Metadata-Version: 2.4
Name: synthesizers
Version: 1.3.0
Summary: A meta framework for synthetic data generation.
Project-URL: Homepage, https://github.com/schneiderkamplab/synthesizers
Project-URL: Bug Tracker, https://github.com/schneiderkamplab/synthesizers/issues
Author: Peter Schneider-Kamp
License-File: LICENSE
Classifier: License :: OSI Approved :: MIT License
Classifier: Operating System :: OS Independent
Classifier: Programming Language :: Python :: 3
Requires-Python: >=3.7
Requires-Dist: datasets
Requires-Dist: openpyxl
Requires-Dist: pandas
Requires-Dist: py-synthpop
Requires-Dist: pydantic<2
Requires-Dist: subprocessing
Requires-Dist: synthcity
Requires-Dist: syntheval
Description-Content-Type: text/markdown

# Synthesizers
A meta library for synthetic data generation.

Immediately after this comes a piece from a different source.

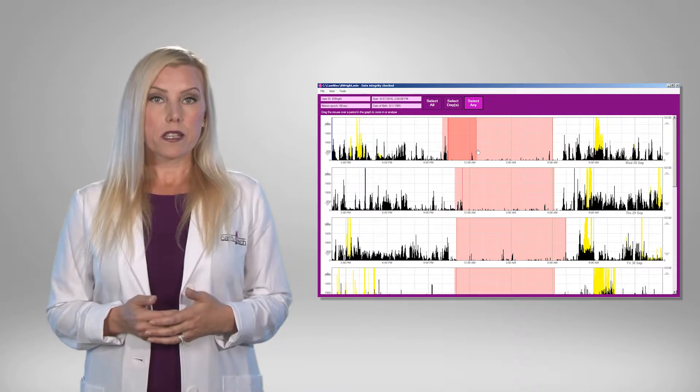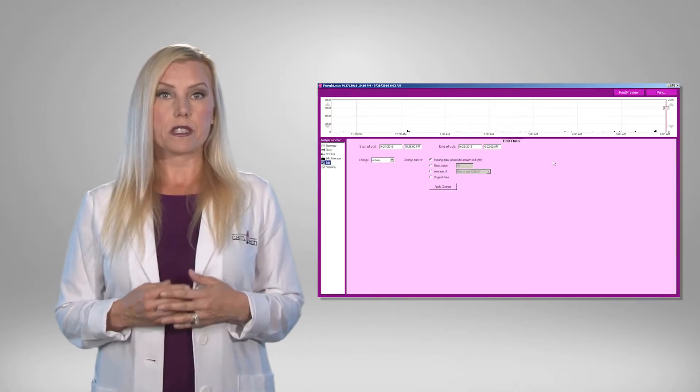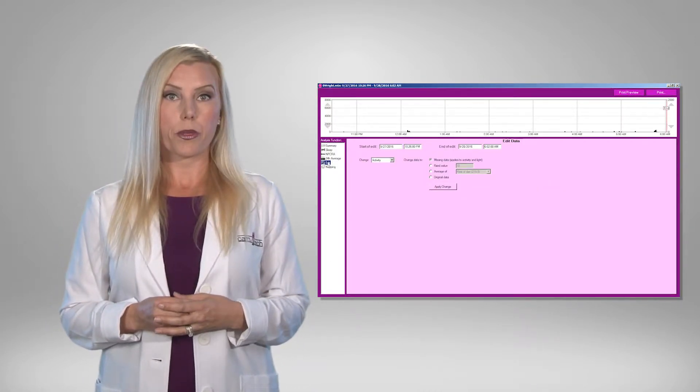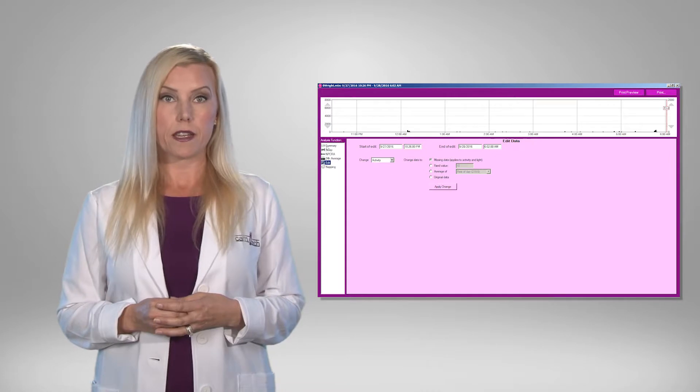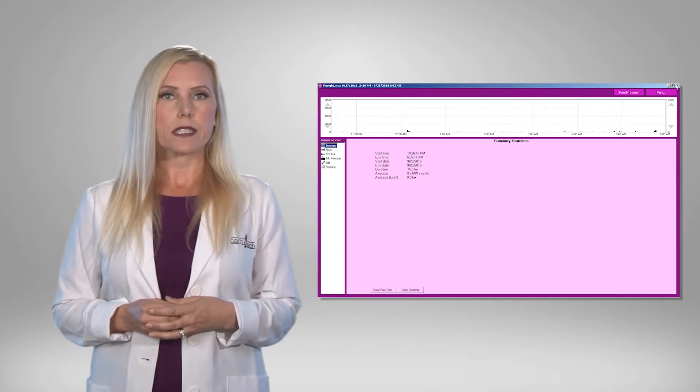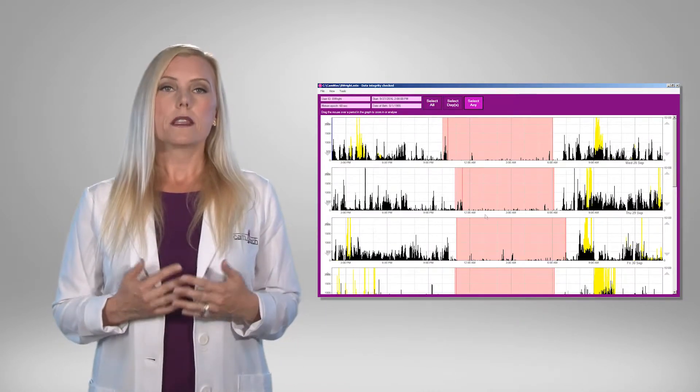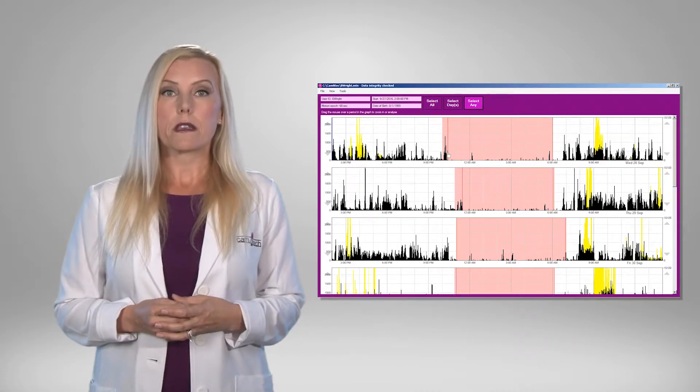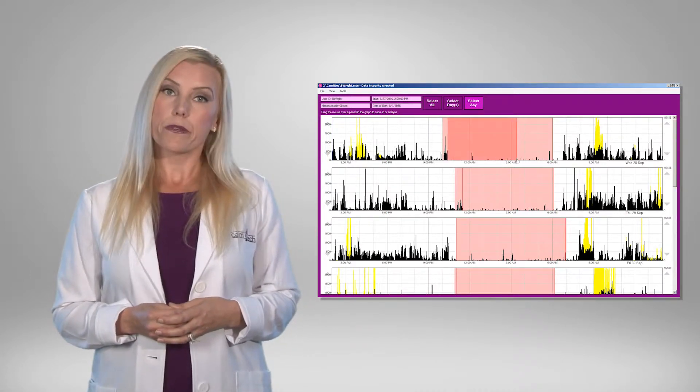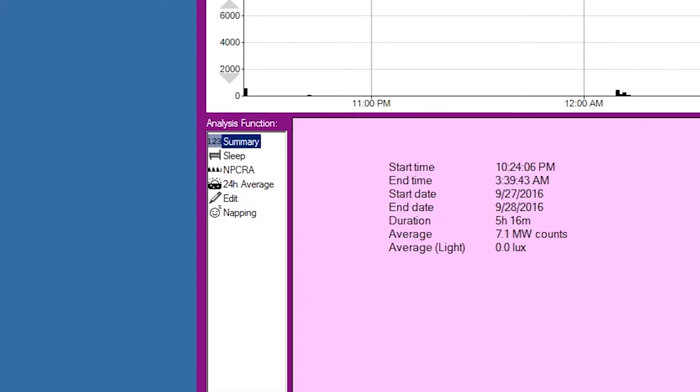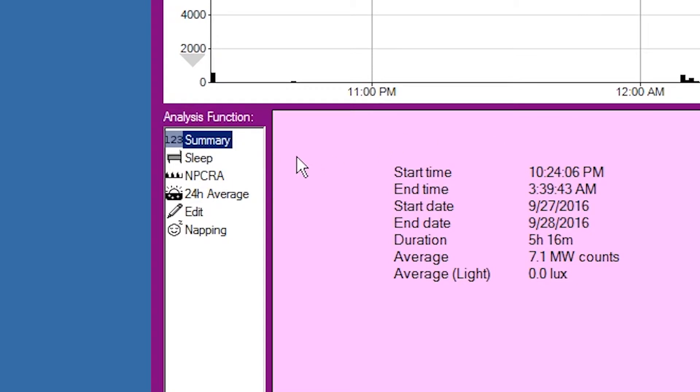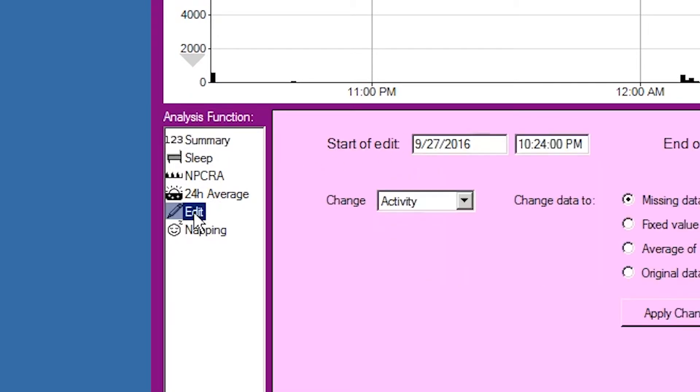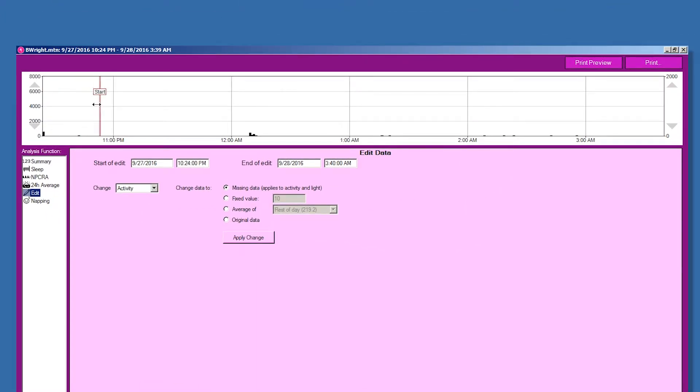It is possible to edit periods where if it is suspected there is a problem with the recorded data and to change or remove the activity during that period. This may be necessary where, for example, the watch was not worn for a period. The edit function may be accessed by selecting a period for analysis, then selecting the edit analysis function from the list in the bottom left of the window.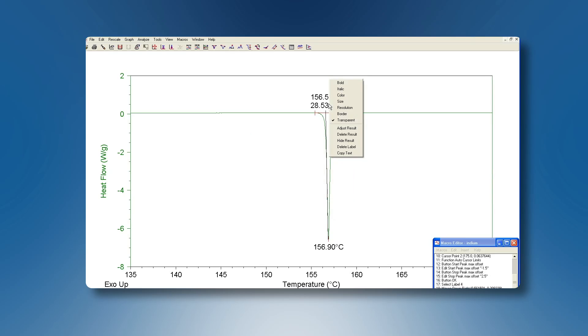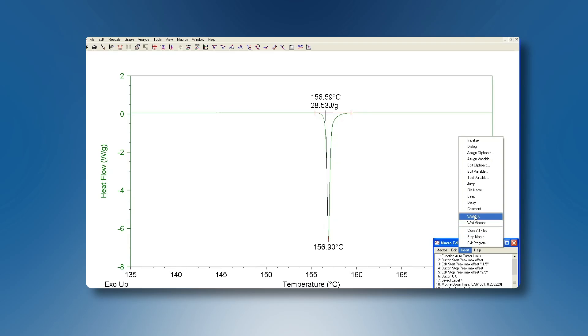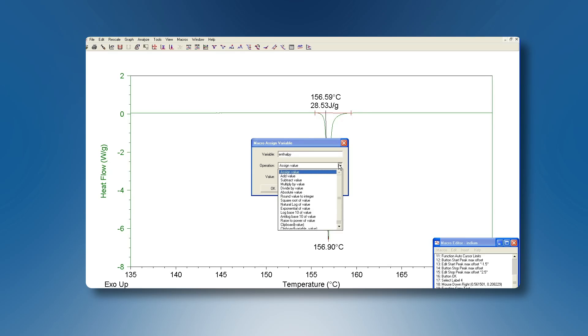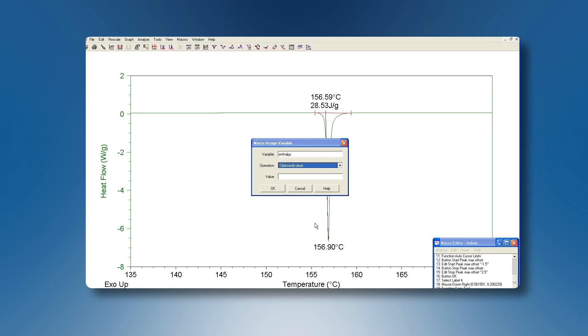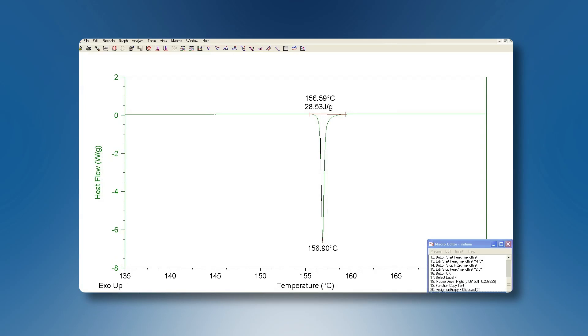Select now the label that contains the integral value and copy it to the clipboard. Now under the Insert menu, assign a variable to it. Let us call this variable enthalpy. We want to assign to it the value that has just been copied to the clipboard. The first value on the clipboard is the onset, so we need the second value being the melting enthalpy. This variable we now want to test.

The goal of synthesizers is to simplify the use of existing frameworks for synthethic data generation:
* All basic operations are available as functional and pipeline abstractions that transform states.
* States keep track of datasets, models, and evaluation results.
* A meta pipeline allows for very simple but expressive synthetic data generation.
* Datasets are read from CSV, TSV, JSON, JSONL, Python Pickle (.pickle), and Excel (.xlsx) files.
* Datasets can be downloaded from the Huggingface Hub.
* States including datasets and models can be saved and loaded from disk.
* Datasets can be converted between list, Numpy, Pandas, and Huggingface datasets formats.
* Datasets are automatically converted to the input format of synthesis or evaluation backends.

## Installation

Simply install synthesizers using pip from PyPI:
```
pip install synthesizers
```
If you clone or downloaded the source code, you can also install it from the root directory of the repository:
```
pip install .
```
Or download and install directly from the terminal:
```
pip install https://github.com/schneiderkamplab/synthesizers/archive/refs/heads/main.zip
```

To ensure the right dependencies, it is often preferable to create a virtual environment (here the directory `venv` in the current directory):
```
python -m virtualenv venv
. venv/activate
pip install synthesizers
```

Conda is a popular alternative:
```
conda create -n synthesizers python=3.11
conda activate synthesizers
pip install synthesizers
```

## Usage

### Functional abstraction

The functional abstraction manipulates states that can be initalized by the pre-defined `Load` object and manipulated by functions such as the meta function `Synthesize`:
```python
from synthesizers import Load
Load("mstz/breast").Synthesize(split_size=0.8, gen_count=10000, eval_target_col="is_cancer", save_name="breast.xlsx", save_key="synth")
```
In this case, `Load` loads a dataset on breast cancer fromt the Huggingface Hub, resulting in a state containing just a `train` dataset. This state is then expanded by the `Synthesize` function, which splits the `train` dataset into `train` and `test` datasets, trains a GAN `model`, generates a `synth` dataset, computes `eval` information, and saves the synthetic data to an Excel file.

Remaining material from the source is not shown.